In this project, I performed twitter analysis by using a classifier to predict the sentiment - positive or negative - of a tweet. My implementation consisted of two parts: training and testing. I first needed to train my classifier by feeding it example features of positive and negative tweets. Using this knowledge, it then predicted sentiments on test data. The features extracted from test and training data consisted of the words the tweet was composed of with some modifications. I used three different types of classifiers and evalutated each on both data sets to measure performance.
I used "classification" in this project because I was performing supervised learning on a discrete model. To be "supervised" means that I was feeding the classifier input labels during the training stage. My model was discrete because a tweet was put into distinct categories. In my case, these were binary since a tweet was either positive or negative. I used three different types of classifiers all from the scikit module.

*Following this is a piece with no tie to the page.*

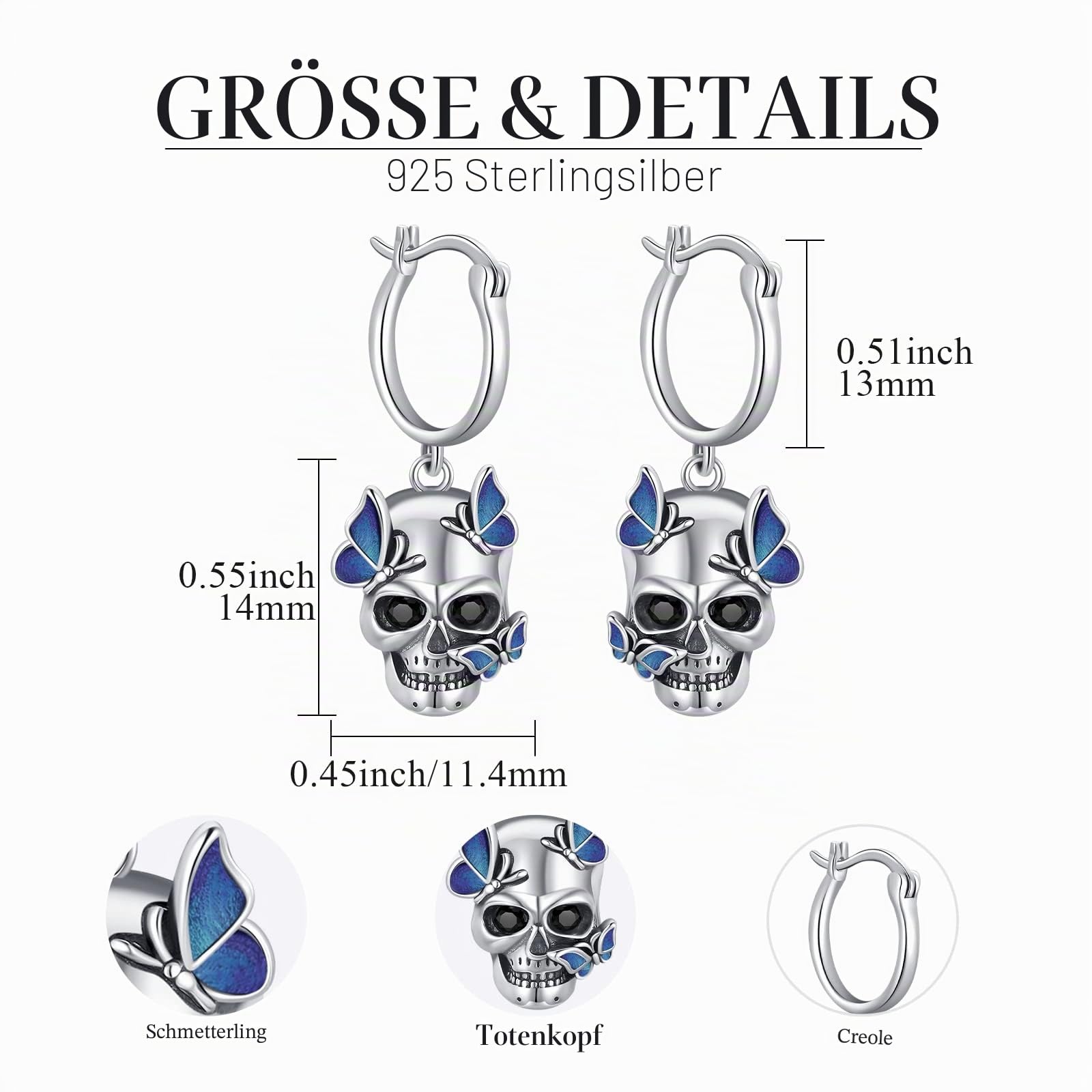 Totenkopf Ohrringe,925er Sterlingsilber Schädel Ohrstecker Totenkopf Rose Ohrringe Goth Ohrstecker Hypoallergene Schmuck Halloween Geschenke für Damen Männer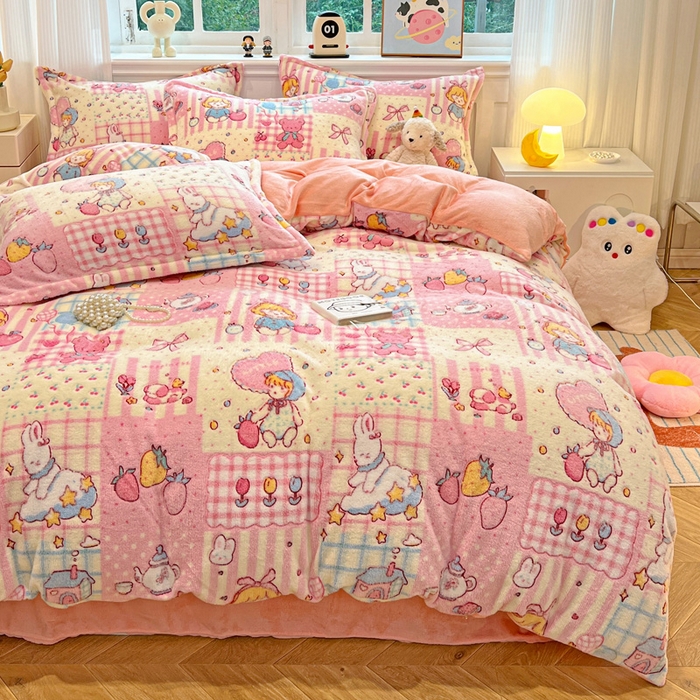 91家纺网 家纺一手货源 找家纺 韩巢家纺 2025新款高克重雪花绒牛奶绒四件套 天使女孩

One of the classifiers I used was Bernoulli Naive Bayes. This classifier is called "naive" because it assumes that each feature is independent of the others. I used the Bernoulli version, which classifies features as binaries-being present or not, as opposed to the multinomial version, which stores counts of the features, because tweets are short enough for this to not have much of an impact. The formula on the right shows how classification works with Bayes. Posterior probability is the probability of classifying a tweet as pos or neg given the input features. Likelihood describes the probability of seeing a particular word in a pos/neg tweet. Class prior is probability of that category and predicted prior is the prob of that specific word.
I also used a Logistic Regression classifier. This classifier works by prediciting a binary variable that is categorically dependent, meaning that it depends on the presence of certain features. Unlike Naive Bayes, Logistic Regression does not assume that features are independent and therefore does not have the problem of over-weighting correlated features. In my implementation, I used the scikit class sklearn.linear_model.Logistic Regression with the parameter option of dual=False, which increased my test accuracy by 1%. This is used when the number of samples > number of features.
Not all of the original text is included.